Mi ricordo di quello che partiva da Parona, poi arrivava a San Giorgio, Soave, Tregnago e San Bonifacio.
Io sono andato alla festa dell’uva a Soave con i miei amici, quando eravamo ragazzi. Quella volta mi ricordo che la strada era molto stretta e le persone a piedi più di una volta hanno rischiato di cadere. Il tram era composta di cinque o sei vagoni.
Io di solito mi spostavo in bicicletta per andare in città al lavoro. A scuola invece andavamo a piedi perché era vicina.
Il mio paese erano le Basse di San Michele; erano molto piccole: una contrada con poche case.
Mi ricordo che una volta la nonna Emma fece fermare il tram perché non essendoci molto spazio, non riusciva a passare e, in mezzo alla strada, fece fermare il traffico di tutte le auto.
I giovani vedevano nella città quello che non c’era nel loro paese. Si andava in centro per divertirsi un po’ con gli amici, visto che nella nostra contrada non c’era nulla.

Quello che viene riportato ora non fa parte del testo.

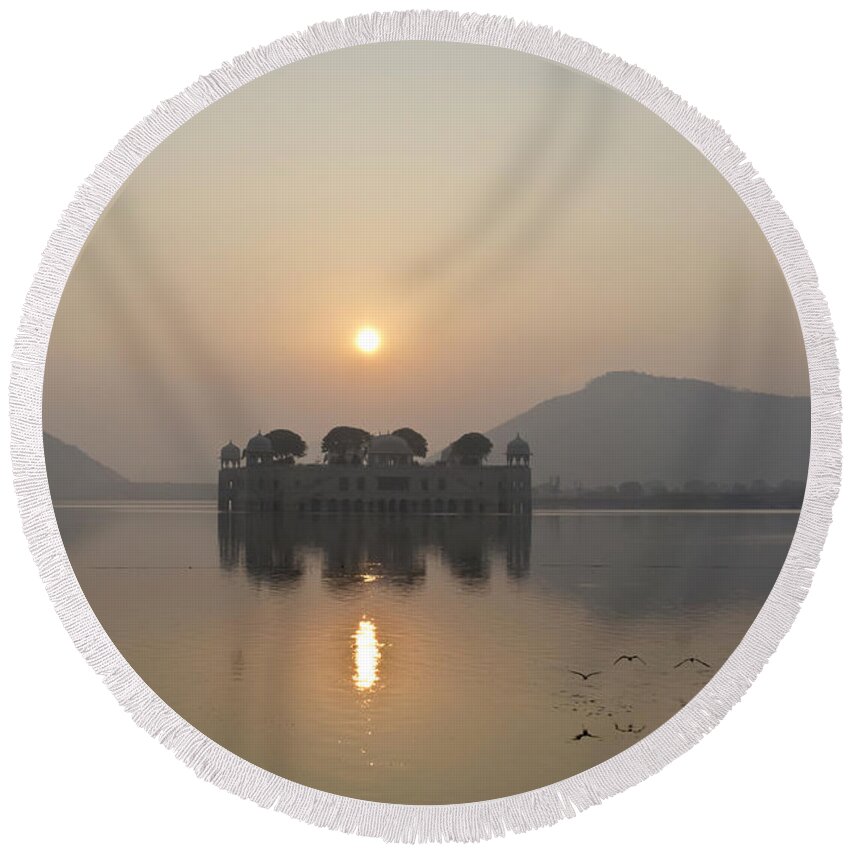 Sunrise Round Beach Towel featuring the photograph Jal Mahal in sunrise by Elena Perelman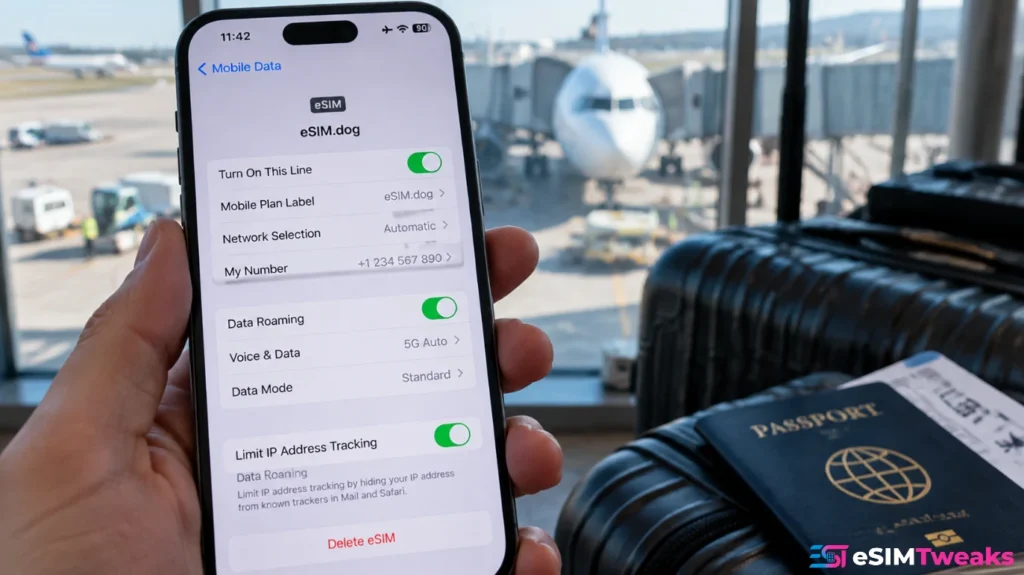 eSIM.dog mobile data and roaming settings enabled on iPhone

Non avevamo nessun timore rispetto alla città. Noi andavamo in città e ci sentivamo “padroni”.
Ci si incontrava insieme con i ragazzi di Porto San Pancrazio e di Borgo Venezia.
Molti di quelli che abitavano in campagna, con il passare del tempo, si trasferirono in città, anche per motivi di lavoro.
Il papà Massimo (nato nel 1968 a Verona Borgo Venezia) dice:
Non ricordo il tram ma solo la filovia. Era una specie di autobus con due grosse antenne attaccate ad un grosso cavo elettrico, tipo come un treno. Io non ho mai preso la filovia, ma ricordo che mia mamma la prendeva tutti i giorni per andare a insegnare alla scuola di Grezzana.
Da piccolo ho sempre abitato in Borgo Venezia e giocavo nel cortile di casa con i miei amici. A scuola ci andavo col pulmino e anche l’autobus. Mi ricordo che nell’autobus stavamo tutti stretti perch’è c’erano molti ragazzi.